Review Q #6 (Projectile Motion)

[TeenieWeenie]

Thanks Thaakisfox! Problem solved!

Homework Statement

A track athlete leaves the ground with initial speed 10.2 m/s and makes an 8.8 meter long jump. Calculate the most likely angle of the direction of his take off with respect to the horizontal.

Vo = 10.2 m/s
x = 8.8 m
xo = 0 m
Ao = ?

Homework Equations

x=Vo * CosAo * t
Vx = VoCosAo

The Attempt at a Solution

I have a missing t (time) variable or I'm using the wrong formula(s)?

 

[Thaakisfox]

Here you have to calculate a maximum. . Most probably the athlete jumped so that the distance was maximal. I would take the maximal height of the jump to be given and maximize with respect to the distance.

 

[TeenieWeenie]

R= [Vo^2 * sin2Ao] / g
where R = range = x = 8.8m

8 = [(10.2^2)*sin2Ao]/ 9.8m/s

8/9.8 = 10.2^2 *sin2Ao

[8/9.8]/(10.2^2) = sin2Ao

(sin2Ao = 2sinAocosAo ?)

[(8/9.8)/(10.2^2)]/2 = sinAoCosAo ?

Um...I don't know what to do from there...?

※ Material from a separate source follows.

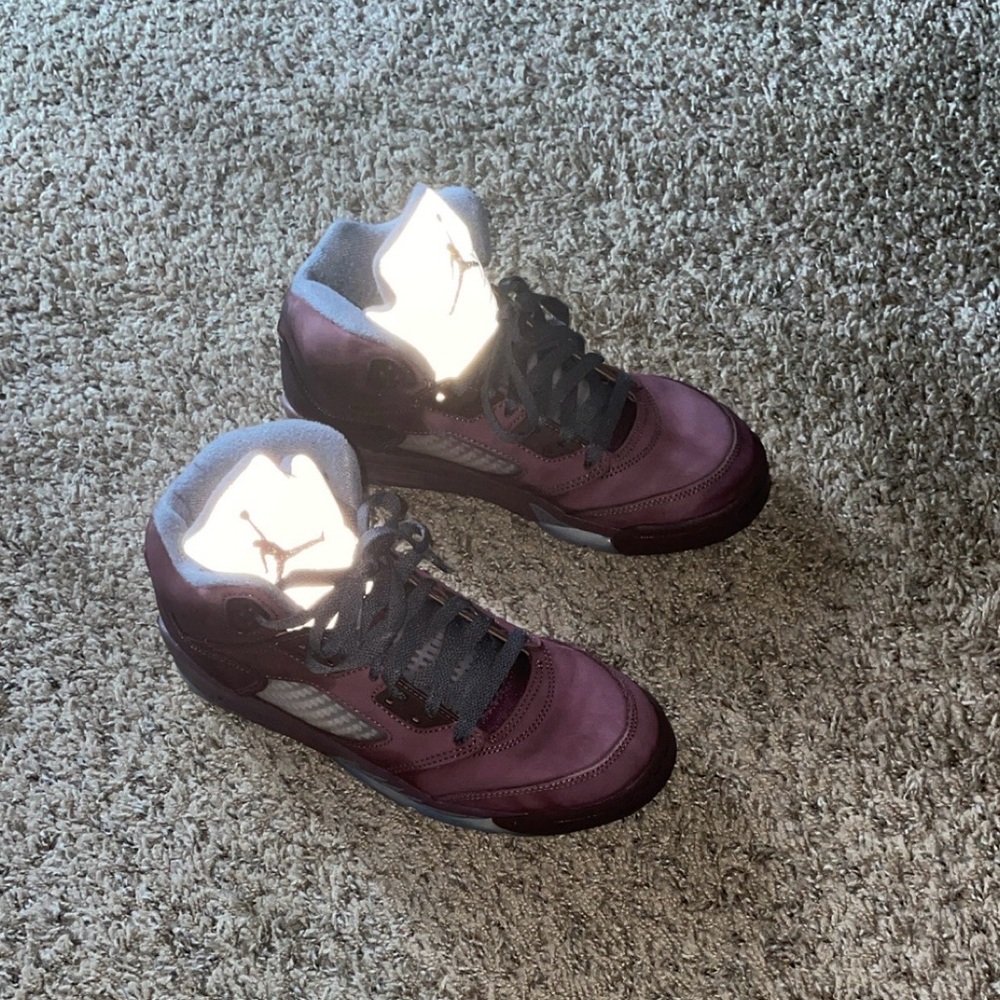Jordan Men's Dark Red Sneakers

or if h was the given maximum height...
8 = [(10.2^2)sinAo] / 2(9.8)
[8/2(9.8)] = (10.2^2)sinAo
[8/19.6]/(10.2^2) = sinAo
sin^-1[8/19.6]/(10.2^2) = Ao
.0039231 = Ao.

Errr...error?

 

[Thaakisfox]

Yes. Thats the range of the projectile. So this has to be maximal. Now R is given, Vo is given, g is given, hence the only thing that can change is Ao the angle of the jump.
So we need sin(2Ao)= maximal. we know that the max of sin is 1. Hence sin(2Ao)=1.

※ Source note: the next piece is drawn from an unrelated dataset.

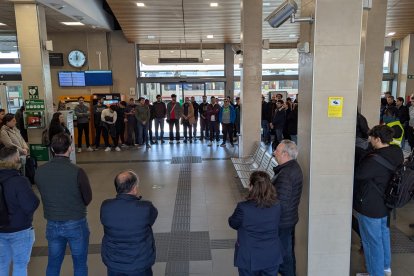 El minuto de silencio en la estación de tren de Tarragona.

Now at what angle does this occur?

 

[TeenieWeenie]

R= [Vo^2 * sin2Ao] / g
was the key to solving this problem then?
R = range of projectile = maximal = 8.
sin(2Ao) = maximal and will never be greater than 1 so it has to be = 1 which is 90 degrees or 2 * 45 degrees ?

Could you explain that a little more?

 

[Thaakisfox]

Yes that's it. Exactly.
The athlete tries to jump, so that his/her (his in this case as female athletes usually don't jump above 7.5 range is maximal. Now we have an expression for the range as a function of the velocity and the angle. We know that the jump was 8m, we also somehow know that the velocity was 10.2. Since we know that the range was maximal, and we know the velocity, we only have to figure out at what angle this could have happened.
And that is the sine should be 1. Which means that the angle of the jump is 45 degrees.
Its actually a good thing to remember that when you throw something (stone or anything messing around) the best is to throw it at a 45 degree angle with the horizontal because then it will go the furthest.

 

[TeenieWeenie]

OOO! I understand now!
That should have been a no-brainer :|

Thanks Thaakisfox! Problem solved!